April 5/Weekend

Written by Bill Grandi on April 5th, 2019

My title for this devotion is Celebrity vs. Ordinary.

For a long time I have had a long-standing pet peeve. And yet, I have probably been as guilty of it as have others. What is it? For lack of a better way to say it: I have watched with horror how “celebrity Christians” have been used by the church.

May I give an example or two?

  • Back in the late ’70s/early 80s, pop singer B.J. Thomas (Raindrops Keep Falling on my Head) had a well-publicized encounter with Jesus. Time has erased a lot of the details, but he was saved; rescued from a drug habit; recorded some well-received Christian albums; wrote a book or two; was lauded as “one of ours.” As time went on, people didn’t like it when he sang some of his old pop/country songs in concert and then someone wrote about a profanity-laced “dress down” he gave some reporter.
  • There were other musicians, many you haven’t heard of. Bob Dylan. Dion. Donna Summer. Dan Peek (America). Leon Patillo (Santana). King’s X. Stryper. Many others.
  • Athletes know for their drug-addled, trouble-making, womanizing lifestyles were/are looked up to for their conversion. Many today are praised for their testimony and yet see nothing wrong with spouting off profanities.
  • Actors/actresses talk about their faith but continue living a lifestyle that can cause us to question their commitment.

I’m not opposed to anyone coming to Christ, no matter their position. This stuff of chewing them up and spitting them out does bother me, especially when they make a mistake or don’t conform to “our idea of Christianity.” It  still happens today. We embrace a celebrity culture. Today we have “rock star” pastors-pastors who are “hip,” tattooed (no judgment since that is their choice), relevant (whatever that means), flamboyant, etc. but are really only about an inch deep in holiness. I’m not jealous. Really. I have my own shortcomings.

But we have got to understand that not everything that looks good is good. Instead of grabbing the latest celebrity conversion and holding him/her up as a standard and role model, why not put them in a Bible study and ground them in the Word so they can fight off the bright lights that will blind them BEFORE they go public with their conversion?

And one more thing: who said they were or are any more valuable in God’s kingdom; any more useful in God’s work that the “everyday Joe’s” who plug away and want to make a difference? As a pastor, I must guard against using people for my own end. Hundreds and thousands of good, Godly pastors have toiled in relative obscurity and never get the “celebrity status” thumbs-up from society or the church on a wide scale. I’m not complaining. Trust me. I like it that way. Because I get all the “atta boys” I need/want from my family, my friends, the church I pastor but, most of all, from my Father in heaven. All He wants is for me to give my life as an act of worship to Him.

“Father, having You accept me as I am is worth it all.
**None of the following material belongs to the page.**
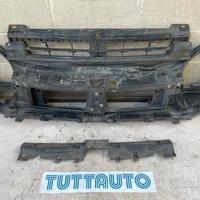 Frontale Renault Trafic 2007 1995cc TD M9RE7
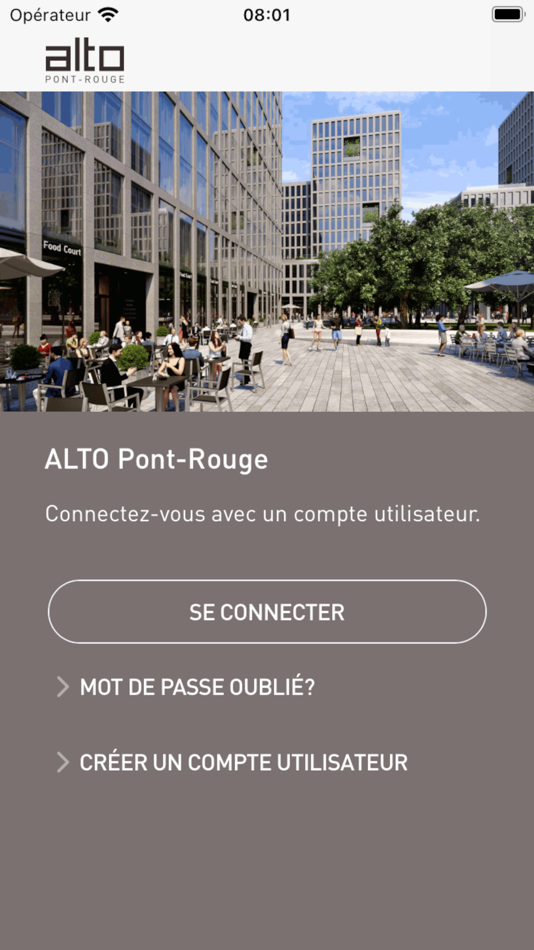 #1. ALTO Pont Rouge (iOS) 由: StreamNow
Having you say in the end “Well done, good and faithful servant” will be worth it all. Celebrity? No thanks. Ordinary? You bet. Just use me for you.”


2 Comments so far ↓

  1. Chewing them up and spitting them out bothers me, too, Bill, because we can’t know when someone’s heart is truly changed for the better in God’s eyes. It leads us to be judgmental when that’s the last thing we should be. May we pray for God’s discernment and recognize the plank in our own eyes before pointing out the speck in our neighbor’s.